Le marché brésilien des cryptomonnaies est entré dans une phase de consolidation réglementaire, les estimations du secteur indiquant que moins de 10 % des entreprises actuellement en activité dans le pays sont susceptibles de demander une autorisation de la Banque centrale avant l'échéance d'octobre.
Résumé
- Moins de 10 % des entreprises de cryptomonnaies opérant au Brésil devraient demander une autorisation de la banque centrale, selon les estimations du secteur.
- Seules 20 à 25 entreprises pourraient demander une autorisation, tandis qu'environ 10 devraient finalement obtenir une licence.
- Les prestataires de services de cryptomonnaies existants ont jusqu'au 30 octobre pour entamer la procédure d'autorisation, sous peine de devoir cesser leurs activités dans les 30 jours.
- Les exigences de capital peuvent aller de 10,8 millions de reais à 37,2 millions de reais, auxquelles s'ajoutent des obligations en matière de gouvernance, de sécurité, d'audit et de conformité.
- Plusieurs entreprises ont déjà fermé, consolidé leurs opérations ou transféré leurs clients particuliers, tandis que le marché s'adapte aux nouvelles règles.
Valor Investe a rapporté que des personnes suivant de près le processus de licence estiment que le Brésil compte entre 150 et 200 entreprises nationales et étrangères fournissant des services sur actifs virtuels, bien que certaines estimations du secteur situent ce chiffre plus près de 300. Seules 20 à 25 devraient disposer du capital, de la structure ou de l'intérêt nécessaires pour postuler, tandis qu'environ 10 pourraient finalement obtenir une autorisation en tant que prestataires de services sur actifs numériques, appelés localement PSAV.
Les entreprises qui fournissaient des services sur actifs virtuels avant l'entrée en vigueur des nouvelles règles en février ont jusqu'au 30 octobre pour déposer la première étape de leur demande d'autorisation.
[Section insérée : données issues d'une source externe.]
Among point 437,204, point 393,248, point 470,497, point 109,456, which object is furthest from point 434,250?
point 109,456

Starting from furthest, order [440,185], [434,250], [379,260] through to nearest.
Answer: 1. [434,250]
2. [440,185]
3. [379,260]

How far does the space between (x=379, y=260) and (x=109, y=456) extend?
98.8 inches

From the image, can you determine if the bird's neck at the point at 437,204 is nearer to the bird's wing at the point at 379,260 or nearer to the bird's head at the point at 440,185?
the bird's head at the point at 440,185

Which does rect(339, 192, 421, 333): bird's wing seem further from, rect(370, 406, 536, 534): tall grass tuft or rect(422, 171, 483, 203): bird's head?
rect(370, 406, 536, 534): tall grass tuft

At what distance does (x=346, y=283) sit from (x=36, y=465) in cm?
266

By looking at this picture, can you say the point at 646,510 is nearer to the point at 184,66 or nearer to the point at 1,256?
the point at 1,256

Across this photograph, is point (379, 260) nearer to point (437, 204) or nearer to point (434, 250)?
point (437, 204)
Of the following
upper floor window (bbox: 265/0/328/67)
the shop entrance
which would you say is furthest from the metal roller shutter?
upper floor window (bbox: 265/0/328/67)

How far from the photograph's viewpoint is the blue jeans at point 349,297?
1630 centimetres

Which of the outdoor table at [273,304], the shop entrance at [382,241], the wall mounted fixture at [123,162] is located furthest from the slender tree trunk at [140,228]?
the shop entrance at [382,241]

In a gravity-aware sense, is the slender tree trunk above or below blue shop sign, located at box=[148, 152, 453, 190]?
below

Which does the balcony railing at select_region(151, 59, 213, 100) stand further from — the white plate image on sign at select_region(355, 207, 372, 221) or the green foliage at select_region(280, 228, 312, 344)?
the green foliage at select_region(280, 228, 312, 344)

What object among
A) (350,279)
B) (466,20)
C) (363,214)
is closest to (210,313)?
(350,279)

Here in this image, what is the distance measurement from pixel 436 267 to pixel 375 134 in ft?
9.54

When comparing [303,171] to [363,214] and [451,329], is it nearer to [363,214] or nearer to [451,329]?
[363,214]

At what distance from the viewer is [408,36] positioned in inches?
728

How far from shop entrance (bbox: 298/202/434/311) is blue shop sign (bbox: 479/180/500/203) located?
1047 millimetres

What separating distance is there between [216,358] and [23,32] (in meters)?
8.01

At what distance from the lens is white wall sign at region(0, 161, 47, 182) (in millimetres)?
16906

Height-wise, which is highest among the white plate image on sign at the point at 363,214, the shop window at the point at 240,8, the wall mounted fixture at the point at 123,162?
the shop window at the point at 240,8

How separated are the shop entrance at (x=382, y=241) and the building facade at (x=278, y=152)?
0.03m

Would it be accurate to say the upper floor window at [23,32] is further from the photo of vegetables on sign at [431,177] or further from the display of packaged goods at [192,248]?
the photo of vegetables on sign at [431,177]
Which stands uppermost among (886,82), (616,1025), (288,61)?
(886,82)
Les entreprises qui n'entament pas la procédure avant l'échéance auront 30 jours pour cesser leurs activités.
Les estimations restent officieuses et le nombre de demandes ne sera connu qu'à la clôture de la période de dépôt. Les institutions financières qui détiennent déjà une licence bancaire de la Banque centrale n'ont pas besoin d'une autorisation distincte pour opérer dans le secteur, tandis que les gestionnaires de fonds restent soumis au cadre réglementaire de la Commission des valeurs mobilières du Brésil, ou CVM.
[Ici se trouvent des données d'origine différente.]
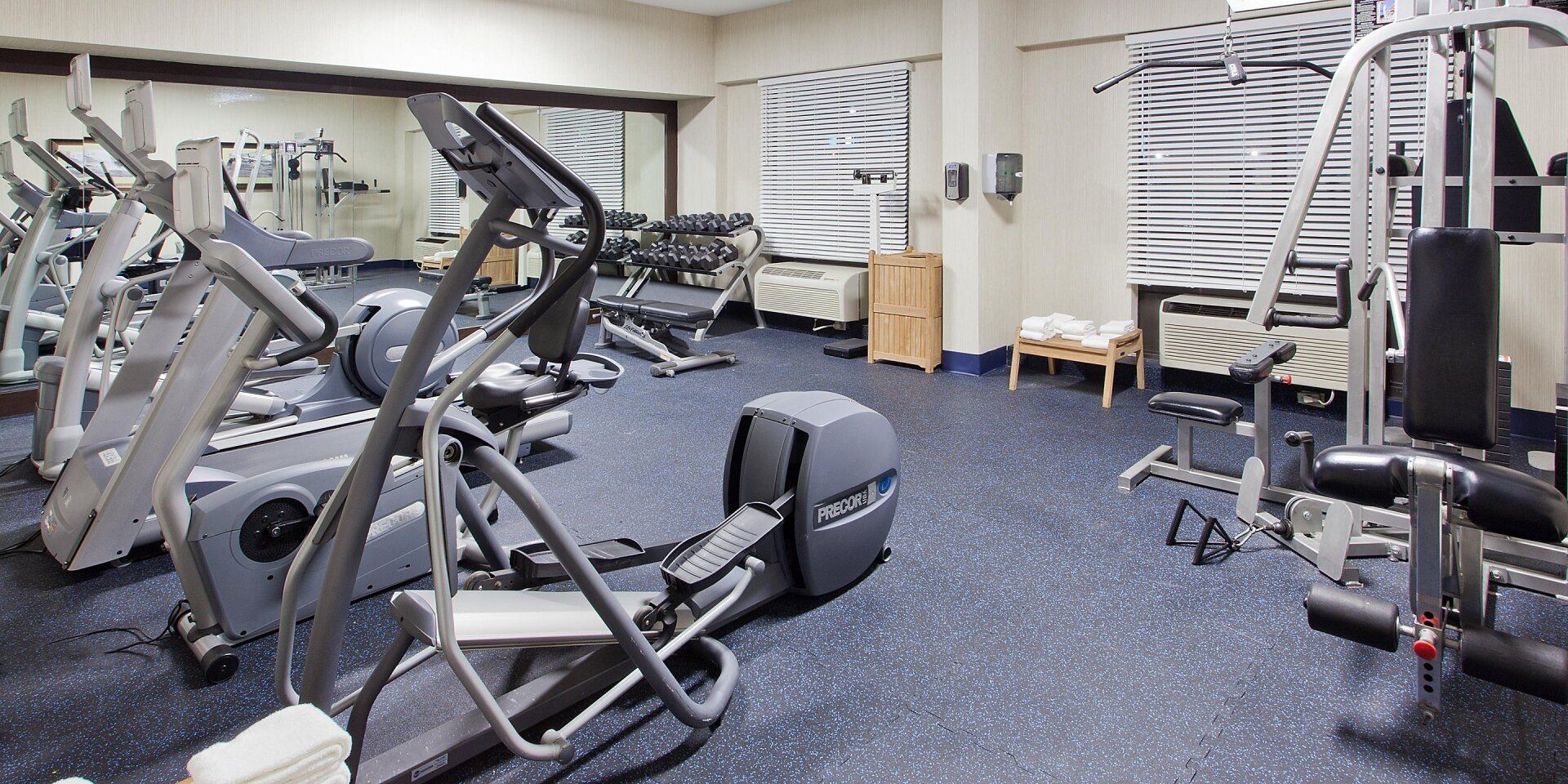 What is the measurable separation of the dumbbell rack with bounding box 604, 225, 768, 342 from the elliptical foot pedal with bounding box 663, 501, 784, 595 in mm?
4166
L'octroi de licences aux cryptomonnaies au Brésil pourrait ne laisser qu'une dizaine d'entreprises autorisées
Plusieurs entreprises de cryptomonnaies se sont déjà restructurées ou retirées du Brésil à l'approche de l'échéance d'autorisation.
Bitnuvem a fermé ses activités cette année, invoquant notamment la hausse des coûts d'exploitation et les exigences réglementaires parmi les raisons de sa décision. NovaDAX a suivi en juin, mettant fin à son activité brésilienne dans le cadre d'un accord permettant aux clients de migrer vers Foxbit.
Digitra.com a ensuite fermé son activité de détail et dirigé les clients vers Foxbit, tandis que BTG Pactual a intégré sa plateforme de cryptomonnaies Mynt aux plateformes existantes de la banque. Cette décision a intégré les activités d'actifs numériques du groupe dans la structure existante de BTG Pactual.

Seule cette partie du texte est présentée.